** DATASET EXCERPTS follows **

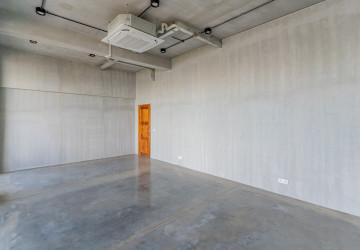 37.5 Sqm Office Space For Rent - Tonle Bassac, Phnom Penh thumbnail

** End of DATASET EXCERPTS **
** DATASET EXCERPTS follows **

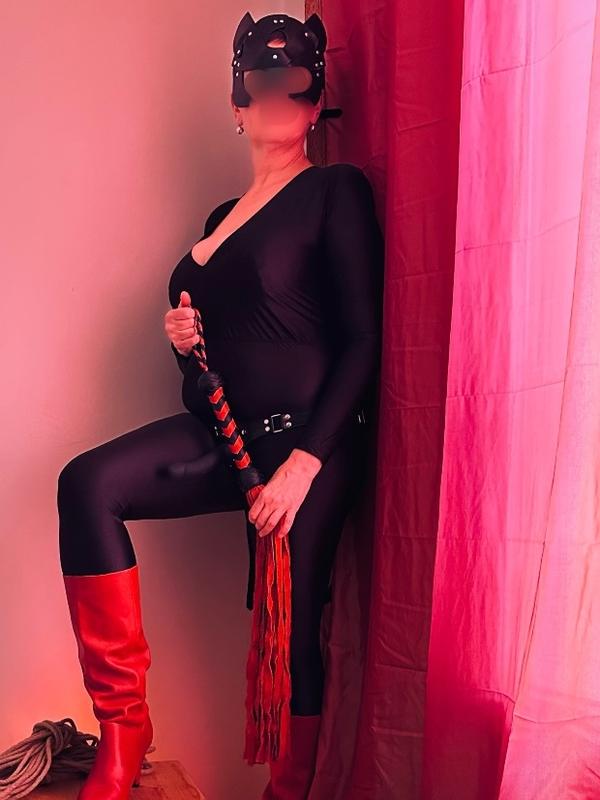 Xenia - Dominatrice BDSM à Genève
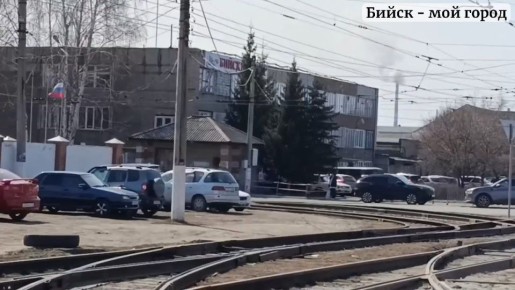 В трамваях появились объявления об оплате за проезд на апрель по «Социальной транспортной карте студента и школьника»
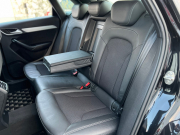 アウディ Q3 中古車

** End of DATASET EXCERPTS **

**WHAT YOU WILL DO:**
When you reach the line that has "Xenia - Dominatrice BDSM à Genève" in the data above, start repeating lines exactly, and stop after the line that has "アウディ Q3 中古車"; pictures stay out.

**RESULT:**
 Xenia - Dominatrice BDSM à Genève
 В трамваях появились объявления об оплате за проезд на апрель по «Социальной транспортной карте студента и школьника»
 アウディ Q3 中古車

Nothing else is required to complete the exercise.